Equity Shares and their Shared Privileges

Equity share refers to the fraction of a company’s assets which gives its shareholders a part of the entrepreneurial profits, risks and ownership rights of the business. These shares, also called “stocks”, give investors the right to vote, share income and claim to a company’s assets. 

Majority of companies start working on equity finance as the source of capital provided by pioneer owners. As growth continues to take place, the need for greater capital arises as well. This signals a company’s search for investors to upload more capital and acquire equity shares from them.

Why Investors Prefer to Invest in this Shares

Permanent source of funds


Equity shares are a company’s permanent capital and cannot be redeemed from a shareholder at any time. Law mandates no company to purchase its own shares. 

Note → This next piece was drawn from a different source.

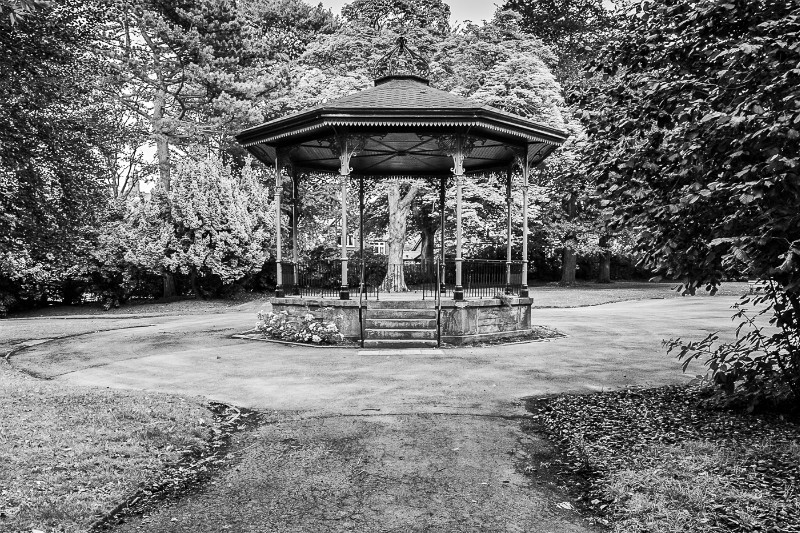 Victoria Park Bandstand, Macclesfield - Other buildings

Bestows ownership rights to shareholders


Equity shareholders are the actual owners of a company. This means that they also share in the growth and success of the corporation. 

Provides voting rights to shareholders


Since stockholders share ownership rights, they also enjoy voting rights during the company’s election of the Board of Directors to participate in building business strategies. 

Grants limited liability according to the amount of equity share


Shareholders’ liability is limited to the value of the shares they own within a company. This is because a company is an individual entity, separate from its shareholders. Once a stockholder has fully paid the price of share, further losses will not be his liability even at the time of liquidation. 

Subject to liquidation with all shareholders


A company’s Board of Directors annually present company’s financial report attended by everyone who owns a stock in the company.

Different types

Common Stock


This most frequently traded and owned stock provides shareholders all aforementioned equity share characteristics. It means that common stock owner shares with the company’s profit, ownership, voting rights and liquidation. 

Preferred stock


This stock entitles shareholders to a fixed income stream, considerably more predictable and reliable than the common shares provide. Shareholders receive an annual dividend equal to an original issue price multiplied by a coupon rate provided in the preferred stock. 

Shareholders of preferred stocks are above common stockholders in priority. For example, if the board suspends preferred dividend payments, common stockholders’ dividend are suspended as well. 

Although, preferred stockholders do not have voting rights as the common owners. They cannot influence the company’s strategic direction.                       

Convertible preferred stock


This type of equity shares establishes a subdivision of preferred stock. At a so-called conversation ratio, these primarily preferred stocks can be exchanged for common shares.